Was literally setting up my second spark (also two ascents) today and wondering what model to try. Loading this one up now.

Speed absolutely does not matter for me. I’m an academic and I’d rather something run overnight and be correct than spit it out in real time; so, very excited to try this.

[-]

t4a8945@reddit (OP)

Nice! I found there is no "one model for all" especially at this size point. MiniMax M2.7 might be it for you, or not.
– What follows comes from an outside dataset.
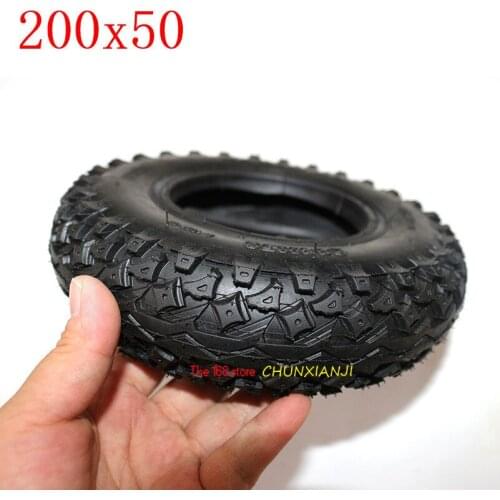 Size 200x50 Tyre Inner tube For Electic Scooter Motorcycle ATV Moped Parts Electric Scooter 8" 200*50 Inflation Electric Vehicle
For software engineering, it's a dream come true for me. For research and broader intepretation I'm not so sure, maybe Qwen 3.5 397B will be better.
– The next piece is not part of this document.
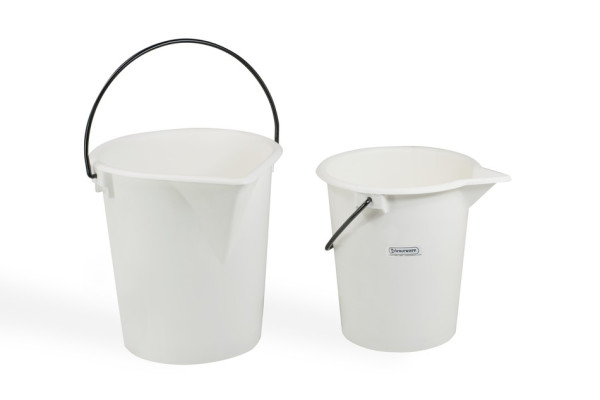 SP Bel-Art Heavy-Duty 15 Liter Pail; PolyethyleneBucket, 13 in. H x 11 in. I.D.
Have fun! (but I know from experience the beginning of setting it up is NOT fun - go here if you need to debug anything precise forums.developer.nvidia.com/c/accelerated-computing/dgx-spark-gb10/dgx-spark-gb10/721 )

[-]

Ok-Measurement-1575@reddit

Is the PP still fairly strong clustered?.

96GB here - Minimax is my best model, too. I only trot it out for the trickier problems because ultra low PP.

[-]

t4a8945@reddit (OP)

I don't exactly know clustered vs non-clustered, but for this particular model it starts at 3K tps, up to 1K at 100K context. So with a properly managed KV-cache it's just fast enough all the way.

[-]

Blackdragon1400@reddit

I can’t speak for minimax but 397b gets over 1k t/s PP

[-]

Initial_Run3719@reddit

Nice setup you have there!

What about prompt processing times? I have a Strix Halo and my favourite LLM is Qwen 3.5 122B. But loading takes up to 8 minutes with full context (I set up 120k). I know the sparks are much faster, does having two speed it up even more?

[-]

t4a8945@reddit (OP)

model	test	t/s	peak t/s	ttfr (ms)	est_ppt (ms)	e2e_ttft (ms)
cyankiwi/MiniMax-M2.7-AWQ-4bit	pp2048	3121.55 ± 32.45		779.28 ± 6.82	656.16 ± 6.82	779.35 ± 6.82
cyankiwi/MiniMax-M2.7-AWQ-4bit	tg32	41.60 ± 0.06	42.94 ± 0.07
cyankiwi/MiniMax-M2.7-AWQ-4bit	pp2048 @ d4096	2642.58 ± 6.81		2448.14 ± 5.98	2325.02 ± 5.98	2448.21 ± 5.98
cyankiwi/MiniMax-M2.7-AWQ-4bit	tg32 @ d4096	39.73 ± 0.04	41.02 ± 0.04
cyankiwi/MiniMax-M2.7-AWQ-4bit	pp2048 @ d8192	2456.91 ± 3.91		4290.97 ± 6.63	4167.85 ± 6.63	4291.04 ± 6.63
cyankiwi/MiniMax-M2.7-AWQ-4bit	tg32 @ d8192	38.56 ± 0.06	39.81 ± 0.06
cyankiwi/MiniMax-M2.7-AWQ-4bit	pp2048 @ d16384	2196.05 ± 1.09		8516.37 ± 4.16	8393.25 ± 4.16	8516.44 ± 4.16
cyankiwi/MiniMax-M2.7-AWQ-4bit	tg32 @ d16384	35.67 ± 0.04	36.83 ± 0.04
cyankiwi/MiniMax-M2.7-AWQ-4bit	pp2048 @ d32768	1815.85 ± 2.53		19296.54 ± 26.75	19173.42 ± 26.75	19296.61 ± 26.74
cyankiwi/MiniMax-M2.7-AWQ-4bit	tg32 @ d32768	31.35 ± 0.17	32.36 ± 0.17
cyankiwi/MiniMax-M2.7-AWQ-4bit	pp2048 @ d100000	1047.93 ± 1.09		97504.06 ± 101.52	97380.94 ± 101.52	97504.14 ± 101.53
cyankiwi/MiniMax-M2.7-AWQ-4bit	tg32 @ d100000	21.20 ± 0.05	22.00 ± 0.00

llama-benchy (0.3.5) date: 2026-04-13 14:54:14 | latency mode: generation

PP speed is great, it degrades linearly with the rest. The key is preserving KV-cache integrity and then it's just smooth.

Loading a 100K context from scratch is about 60-80s and after reboot I prefer starting from a fresh context anyway, it's very good at getting up to speed on existing changes.